Data From the PASCAL Study

In this phase 2 study, known as the Paroxysmal Atrial Fibrillation Study with
Continuous Atrial Fibrillation Logging (PASCAL), researchers tested safety and
efficacy in 72 patients randomized to placebo or to 200-mg, 400-mg, or 600-mg
doses of budiodarone. They included patients with dual-chamber pacemakers to
detect and log atrial-fibrillation data and excluded patients with NYHA class 3
and 4 congestive heart failure.

After 12 weeks of treatment, budiodarone significantly reduced
atrial-fibrillation burden, doing so in a dose-dependent manner. From baseline,
there was a significant 54% and 75% reduction in disease burden with the 400-mg
and 600-mg doses, respectively. With the 200-mg dose, there was a nonsignificant
10% reduction in atrial-fibrillation burden.

In an analysis of patients treated with the 600-mg dose, the number and duration
of atrial-tachycardia/atrial-fibrillation episodes decreased by at least 50%
over the 12 weeks, while the time spent in normal sinus rhythm increased. In an
assessment of patient impressions, most were satisfied with the medication, and
nearly 50% reported "a lot of improvement or complete relief."

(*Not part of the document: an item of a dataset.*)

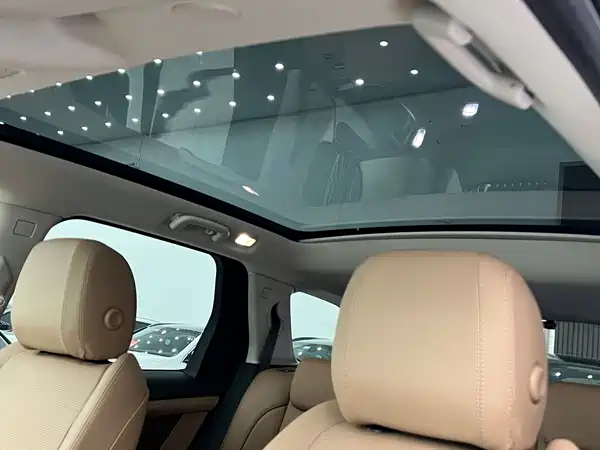 Land Rover Discovery Sport 2024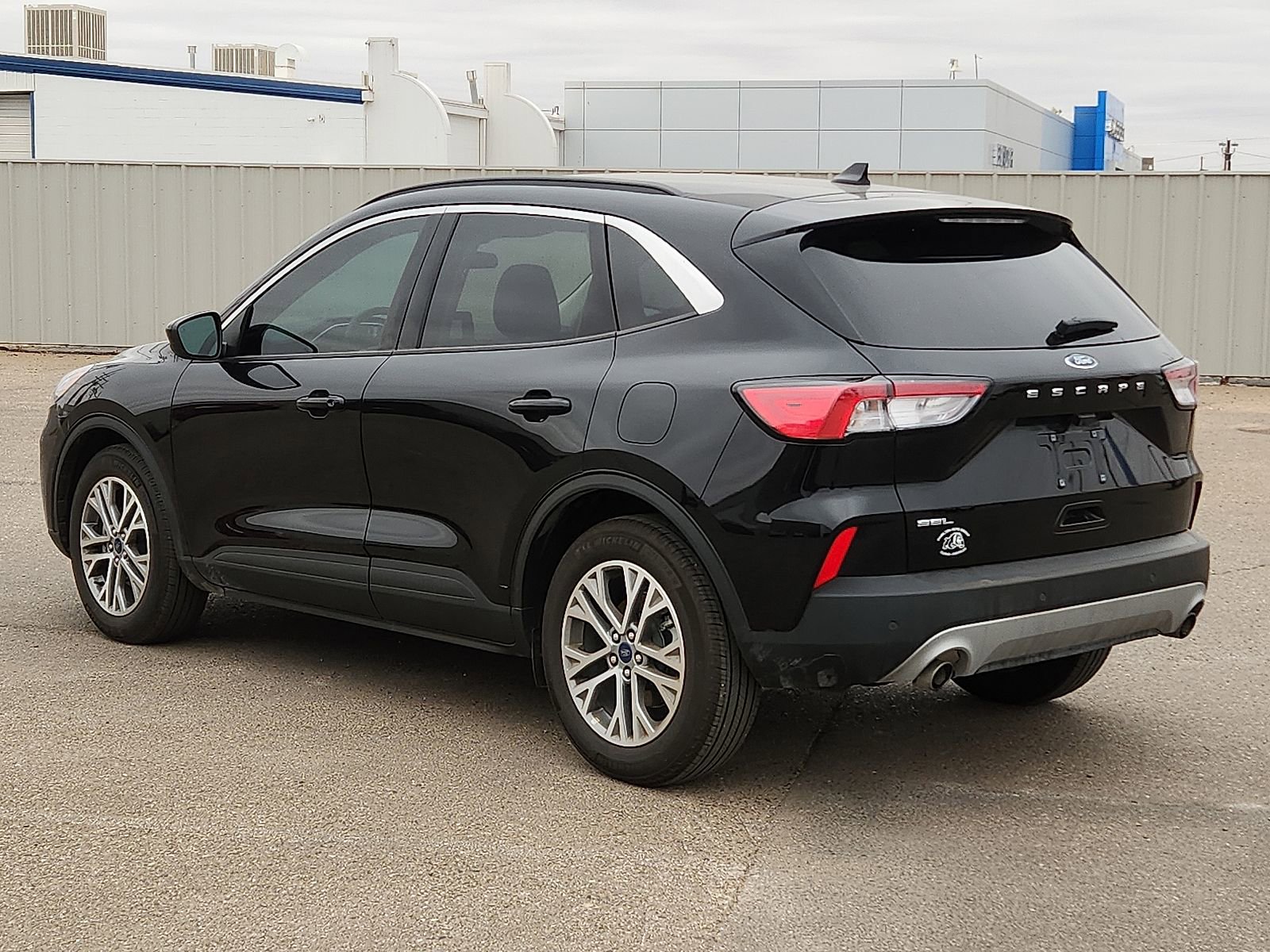 Used 2022 Ford Escape SEL FWD image 3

During his presentation, Ezekowitz noted there were observed side effects, but
none of these progressed and all were reversible. Creatinine elevations were
observed, similar to what was reported with amiodarone and dronedarone, although
there was no evidence of renal toxicity. Also, there were minor changes in
thyroid function, and two cases of elevated liver enzymes without an increase in
total bilirubin levels.

"I think that if the drug is shown to be efficacious in larger studies, without
major side effects, then the competitor will be dronedarone, which I think will
be approved," said Ezekowitz. "The only negative of that drug is in patients
with heart failure; otherwise it's a very safe drug. The problem with
dronedarone is that it doesn't appear to be as effective as amiodarone. The
advantage of budiodarone is that we're seeing a dose response. At the lowest
dose, it doesn't work. You can increase the dose, which you can't do with
dronedarone and which you can't really do with amiodarone, because the side
effects are really dose related."

This past March, a Food and Drug Administration advisory panel voted 10 to 3 to
recommend approval of dronedarone for the treatment of atrial fibrillation. The
yes vote, however, was tempered with cautions against using the drug in patients
with severe systolic heart failure, based in large part on the ANDROMEDA trial.

Ezekowitz reported consulting fees and grant support from Boehringer Ingelheim,
ARYx Therapeutics, Portola, Wyeth, Sanofi-Aventis, Bristol Myers-Squibb,
AstraZeneca, Daiichi Sankyo, and Medtronic.